BMKG: Sepekan ke Depan Waspada Angin Kencang di Jateng Bagian Selatan

- BMKG imbau masyarakat waspada angin kencang di Jateng bagian selatan, terutama Cilacap dan Banyumas
- Peningkatan kecepatan angin maksimum sejak 9 Januari 2026, mencapai 32 knot pada siang Senin
- Perbedaan tekanan udara memicu tiupan angin kencang, berpotensi hujan dengan intensitas ringan hingga sedang
Cilacap, IDN Times - Badan Meteorologi, Klimatologi, dan Geofisika (BMKG) mengimbau masyarakat mewaspadai potensi angin kencang di wilayah Jawa Tengah (Jateng) bagian selatan Kabupaten Cilacap, Banyumas, dan sekitarnya, yang terpantau meningkat dalam beberapa hari terakhir.

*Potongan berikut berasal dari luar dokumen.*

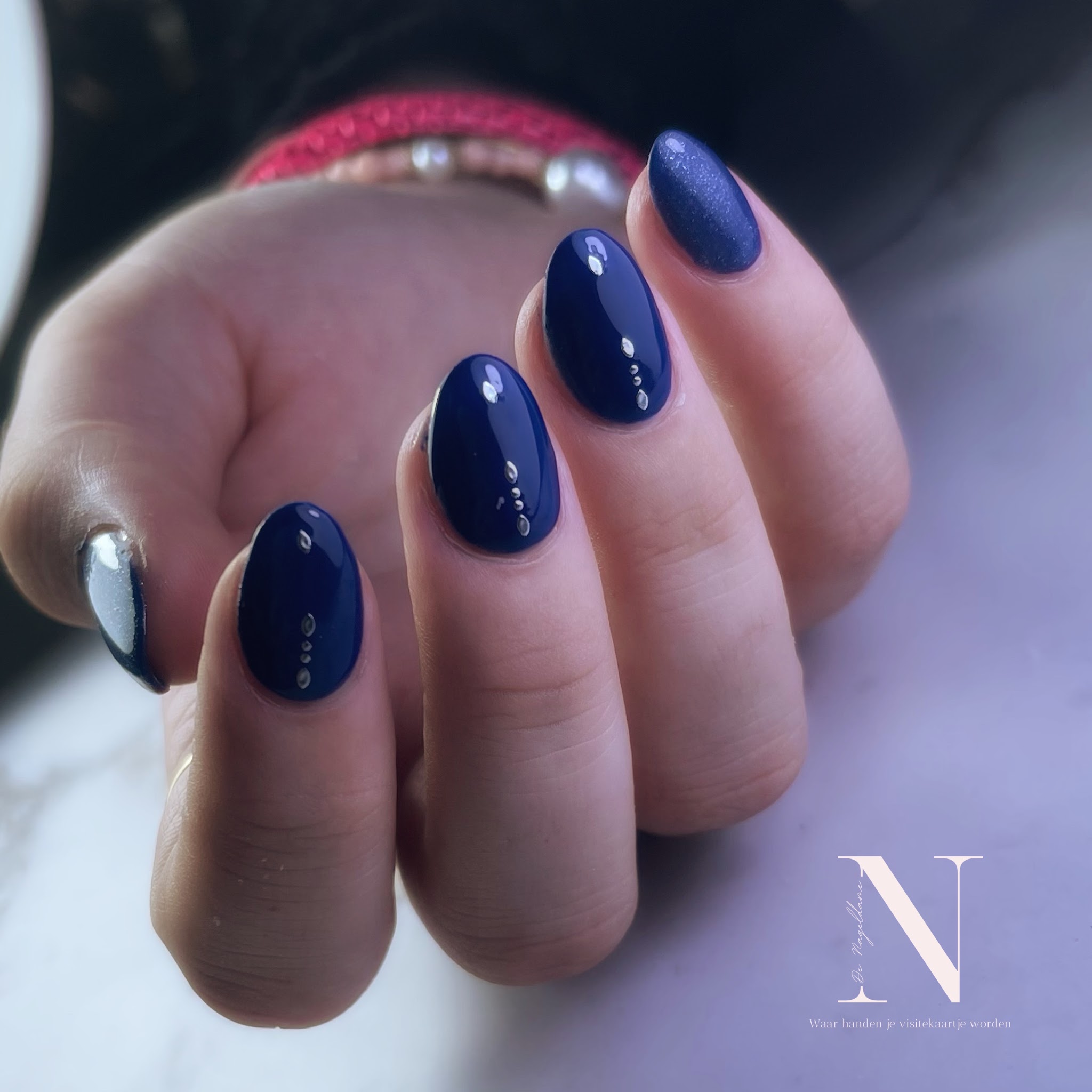 Donkerblauwe nagels met zilveren details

Ketua Tim Kerja Pelayanan Data dan Diseminasi Informasi BMKG Stasiun Meteorologi Tunggul Wulung Cilacap Teguh Wardoyo di Cilacap, mengatakan hasil pengamatan menunjukkan peningkatan kecepatan angin maksimum sejak 9 Januari 2026.
“Secara berurutan kecepatan angin maksimum tercatat 25 knot pada 9 Januari, meningkat menjadi 30 knot pada 10 Januari, kemudian 22 knot pada 11 Januari, dan pada siang Senin ini mencapai 32 knot yang juga disertai hujan,” katanya melansir dari Antara.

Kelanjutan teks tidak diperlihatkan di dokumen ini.